Sport is the all about the score…and that is why it is preferable to ignore it. Sounds weird, right? But this blog post will explain. I firmly believe the quickest and fastest way for you to develop a winner’s mindset is to ignore the score as you compete. Sure not every gold medalist does this – but for most competitors ignoring the score lends itself to an optimal mindset. So let me tell you why…
Because the score is one of the primary stressors when you compete. Thinking about the score as you play or perform can cause a stress response. If you’re losing you can become despondent or angry, worried or fearful. If you’re winning you can become complacent or tentative. Trust me…the score is a killer…focusing on it or thinking about it as you compete can be destructive.
This isn’t particular to one single sport. A golfer who focuses on being under par can become steer-driven in an attempt at trying to avoid dropping shots. A tennis player who is thinking about being a break down can become angry – muscles tightened, coordination lost, intelligence squashed. The footballer who overly cares about being a goal up (and not losing the lead) can be too cautious with her play. She can become tunnel visioned and miss vital runs and movements that the opposition make as the game plays out.

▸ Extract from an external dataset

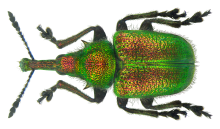 Rhynchites auratus (Scopoli, 1763) mâle (6771104265) .png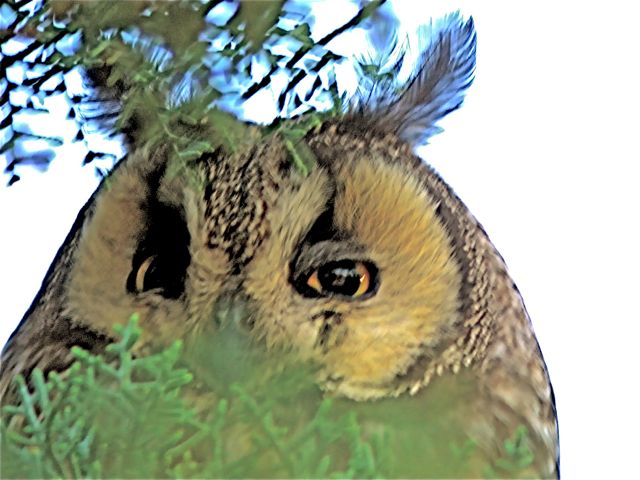 Long-eared Owl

The score is one of the biggest killers in sport. It’s a silent assassin. It can eat away at your ability to compete intelligently, with effort, making great decisions, with focus and with coordination.

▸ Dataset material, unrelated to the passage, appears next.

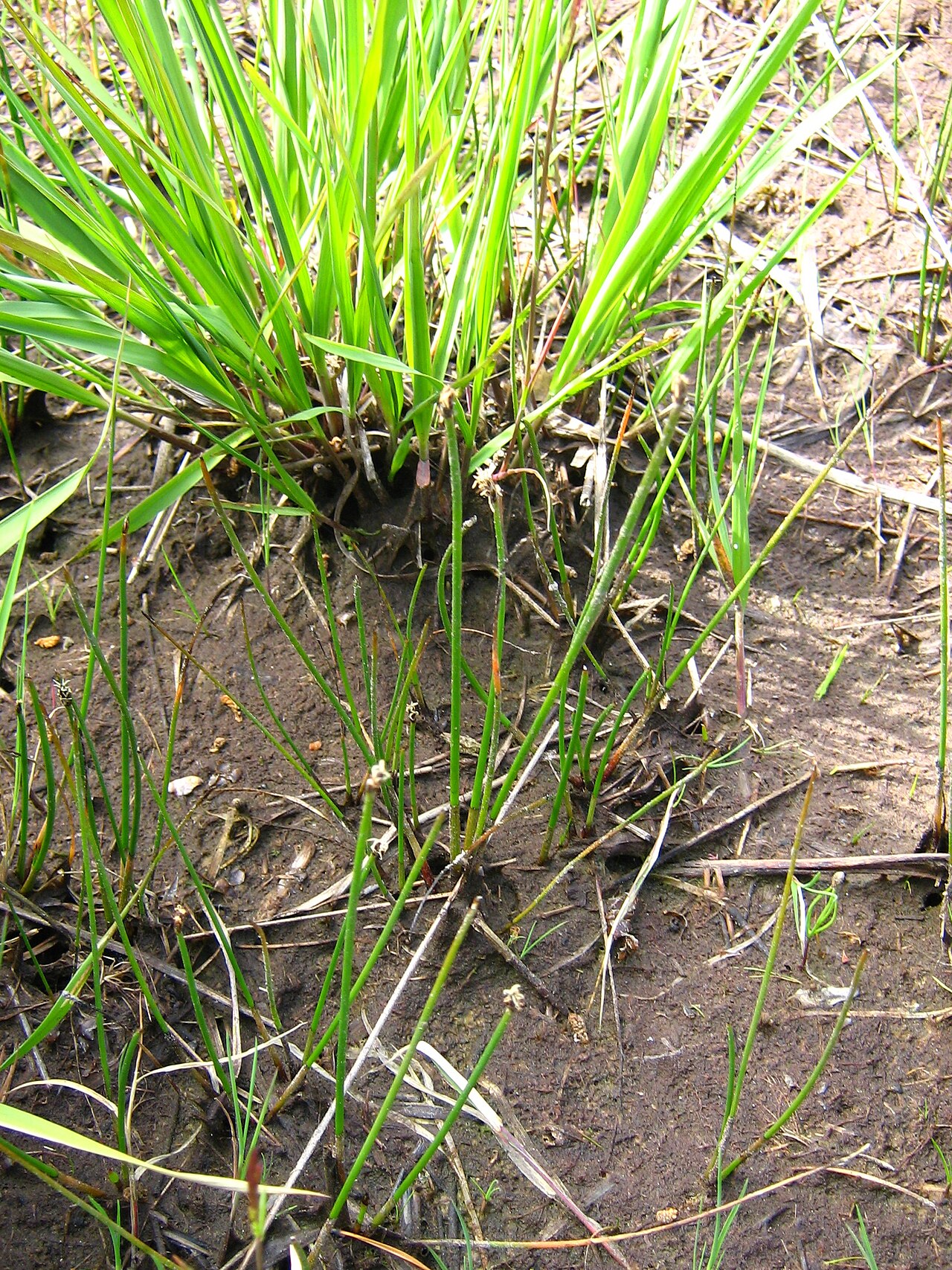 Many-stalked spike-rush: Eleocharis multicaulis in Białogóra Nature Reserve, Poland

And you know what the tricky thing is? Your brain loves you to focus on the score. It loves you to resonate whether you’re winning or losing at any given moment. Why? Because the brain is a prediction machine – it is constantly scanning your environment to predict what is going to happen in the near future. And it craves certainty – it loves an environment that says “Yes, I’m safe”. So it nudges and shifts you towards the score – the message that says “I’m winning I’m safe” or “I’m losing I have to change something”.
And in my opinion you don’t want to hear either message. I’m safe can mean ‘protect’ while changing something is rarely necessary (although thinking flexibility is a very useful skill in sport…but there are other ways to apply this without bringing the score into the fold).
The key to managing your brain’s innate wish for certainty (and subsequent focus on the score) is to quieten it. How?
1. Have in-game tasks to focus on that are related to what you are trying to achieve in your game and within your role
2. Keep talking to your brain. Stop listening to it and start talking to it. “Forget the score just focus now, in the moment. Come on stay focused. The score isn’t relevant stay focused.”
The sports competitors who takes control of themselves, who manage their brain, are the ones who gives themselves the best chance of winning (or at least being the best they can be on any given day.) Now that is all you can ask for…that is great sport psychology!